NLTK Wordnet Synset用于单词短语

Question

I'm working with the Python NLTK Wordnet API. I'm trying to find the best synset that represents a group of words.

If I need to find the best synset for something like "school & office supplies", I'm not sure how to go about this. So far I've tried finding the synsets for the individual words and then computing the best lowest common hypernym like this:

def find_best_synset(category_name):
    text = word_tokenize(category_name)
    tags = pos_tag(text)

    node_synsets = []
    for word, tag in tags:
        pos = get_wordnet_pos(tag)
        if not pos:
            continue
        node_synsets.append(wordnet.synsets(word, pos=pos))

    max_score = 0
    max_synset = None
    max_combination = None
    for combination in itertools.product(*node_synsets):
        for test in itertools.combinations(combination, 2):
            score = wordnet.path_similarity(test[0], test[1])
            if score > max_score:
                max_score = score
                max_combination = test
                max_synset = test[0].lowest_common_hypernyms(test[1])
    return max_synset

However this doesn't work very well plus it is very costly. Are there any ways to figure out which synset best represents multiple words together?

Thanks for your help!

Answer 1

Apart from what I said in the comments already, I think the way you select the best hyperonym might be flawed. The synset you end up with is not the lowest common hyperonym of all words, but only that of two of them.

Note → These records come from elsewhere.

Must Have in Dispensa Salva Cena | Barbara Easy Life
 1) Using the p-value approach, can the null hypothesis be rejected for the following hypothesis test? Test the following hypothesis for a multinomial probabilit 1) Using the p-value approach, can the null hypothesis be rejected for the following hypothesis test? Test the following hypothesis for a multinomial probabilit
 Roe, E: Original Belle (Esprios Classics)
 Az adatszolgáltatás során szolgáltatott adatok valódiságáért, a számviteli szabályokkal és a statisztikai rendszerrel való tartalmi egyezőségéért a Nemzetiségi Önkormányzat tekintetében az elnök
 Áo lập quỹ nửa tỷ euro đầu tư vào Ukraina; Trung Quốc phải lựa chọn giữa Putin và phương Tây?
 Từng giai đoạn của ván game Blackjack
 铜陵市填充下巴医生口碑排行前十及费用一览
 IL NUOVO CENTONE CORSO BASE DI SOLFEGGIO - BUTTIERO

Let's stick with your example of "school & office supplies". For each word in the expression you get a number of synsets. So the variable node_synsets will look something like the following:

[[school_1, school_2], [office_1, office_2, office_3], [supply_1]]

In this example, there are 6 ways to combine each synset with any of the others:

[(school_1, office_1, supply_1),
 (school_1, office_2, supply_1),
 (school_1, office_3, supply_1),
 (school_2, office_1, supply_1),
 (school_2, office_2, supply_1),
 (school_2, office_3, supply_1)]

These triples are what you iterate over in the outer for loop (with itertools.product ). If the expression has 4 words, you would iterate over quadruples, with 5 it's quintuples, etc.

Now, with the inner for loop, you pair off each triple. The first one is:

[(school_1, office_1),
 (school_1, supply_1),
 (office_1, supply_1)]

... and you determine the lowest hyperonym among each pair. So in the end you get the lowest hyperonym of, say, school_2 and office_1 , which might be some kind of institution. This is probably not very meaningful, as it doesn't consider any synset of the last word.

Maybe you should try to find the lowest common hyperonym of all three words, in each combination of their synsets, and take the one scoring best among them.